* [Problem details] Set down, exactly and only, everything from the line containing "Sale Promotions Editable" down to the line containing "oak bedroom furniture sets mirror" in the data below; the pictures are not part of the copy.

* [Data for review]
************

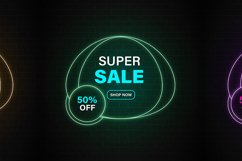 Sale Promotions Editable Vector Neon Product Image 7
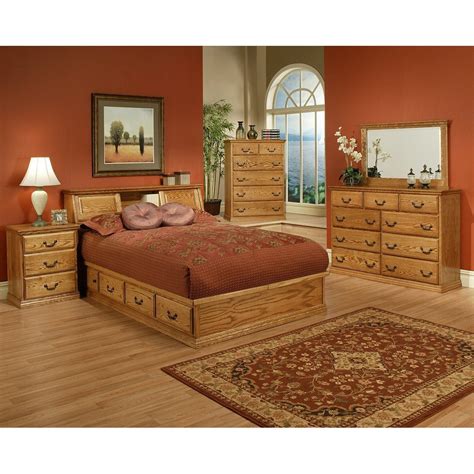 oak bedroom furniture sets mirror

************

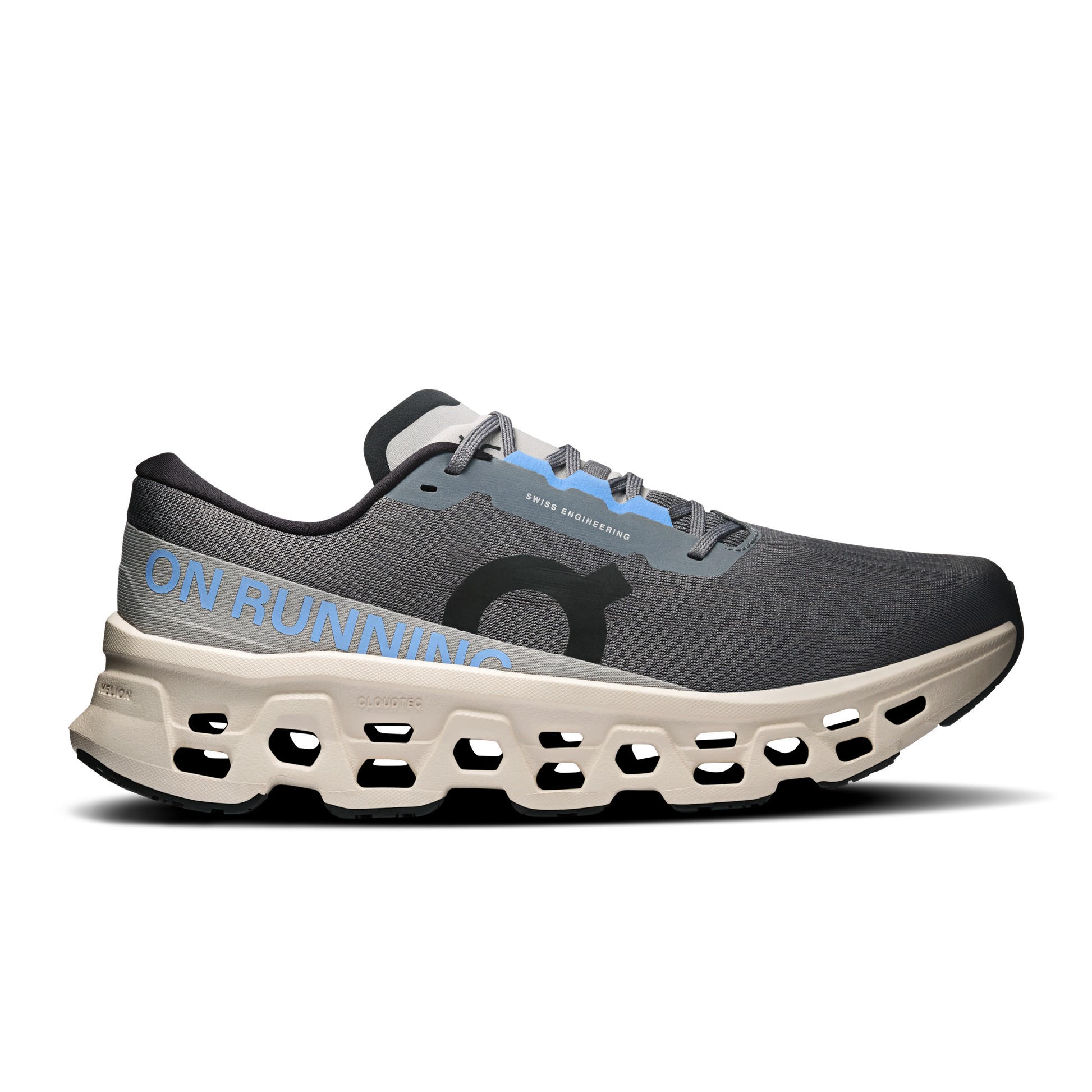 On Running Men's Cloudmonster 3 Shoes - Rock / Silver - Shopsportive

************

* [Finished exercise]
 Sale Promotions Editable Vector Neon Product Image 7
 oak bedroom furniture sets mirror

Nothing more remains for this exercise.